Effects of BDE-209 contaminated sediments on zebrafish development and potential implications to human health

Abstract

Polybrominated diphenyl ethers are compounds widely used as flame-retardants, which are of increasing environmental concern due to their persistence, and potential adverse effects. This study had two objectives. First, we assessed if BDE-209 in sediment was bioavailable and bioaccumulated into zebrafish embryos. Secondly, we assessed the potential impact on human and environmental health of bioavailable BDE-209 using human in vitro cell assays and zebrafish embryos. Zebrafish were exposed from 4h to 8days post-fertilization to sediments spiked with 12.5mg/kg of BDE-209. Zebrafish larvae accumulated ten fold more BDE-209 than controls in unspiked sediment after 8days. BDE-209 impacted expression of neurological pathways and altered behavior of larvae, although BDE-209 had no visible affect on thyroid function or motoneuron and neuromast development. Zebrafish data and in silico predictions suggested that BDE-209 would also interact with key human transcription factors and receptors. We therefore tested these predictions using mammalian in vitro assays. BDE-209 activated human aryl hydrocarbon receptor, peroxisome proliferator activating receptors, CF/b-cat, activator protein 1, Oct-MLP, and the estrogen receptor-related alpha (ERRα) receptor in cell-based assays. BDE-209 also inhibited human acetylcholinesterase activity. The observation that BDE-209 can be bioaccumulated from contaminated sediment highlights the need to consider this as a potential environmental exposure route. Once accumulated, our data also show that BDE-209 has the potential to cause impacts on both human and environmental health.

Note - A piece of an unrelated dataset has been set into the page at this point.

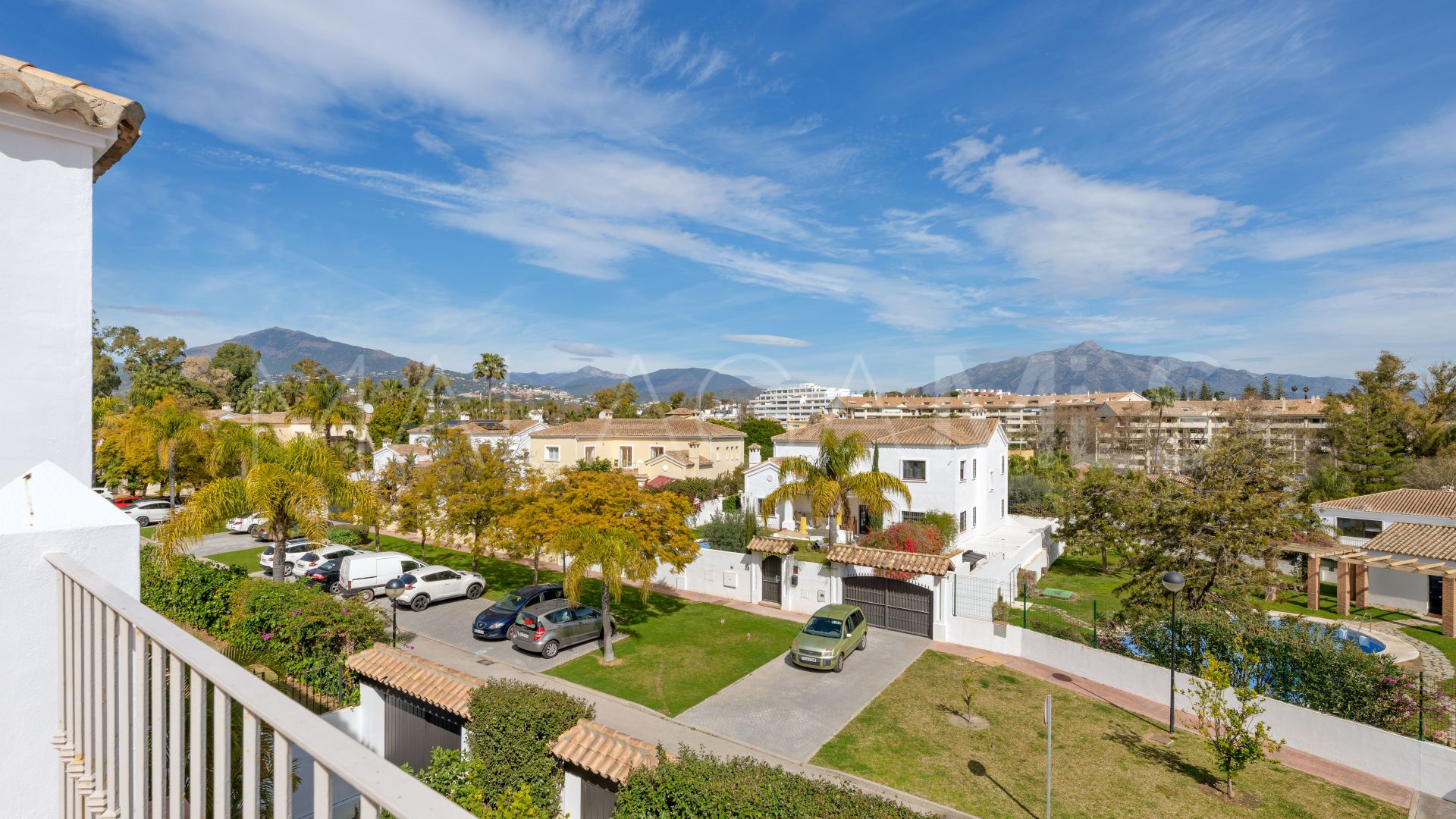 Se vende villa in Guadalmina Alta with 5 bedrooms
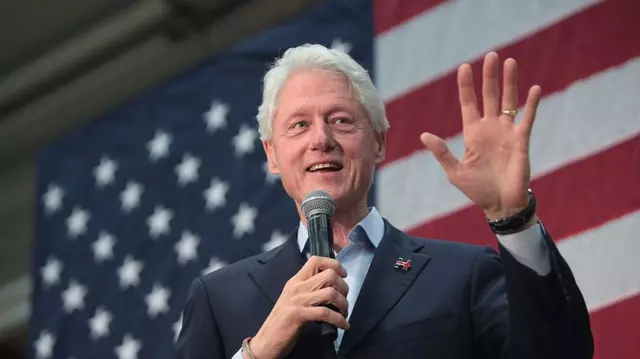 Cartea lui Bill Clinton „The President is Missing” va fi subiectul unui serial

Keywords: AChE; AOP; Acetylcholinesterase; AhR; BDE-209; Behavior; CPF; DEGs; Dpf; GC-NICI–MS; HTS; Hpf; MIE; Microarrays; Neurotoxicity; PBDE; SPLE; T4; ZF; Zebrafish; acetylcholinesterase; adverse outcome pathway; aryl hydrocarbon receptor; chlorpyrifos; days post-fertilization; decabromodiphenyl ether; differentially expressed genes; gas chromatography coupled to mass spectrometry working with negative ion chemical ionization; high-throughput screening; hours post-fertilization; molecular initiating event; polybrominated diphenyl ether; qPCR; real-time quantitative polymerase chain reaction; selective pressurized liquid extraction; thyroxine; zebrafish.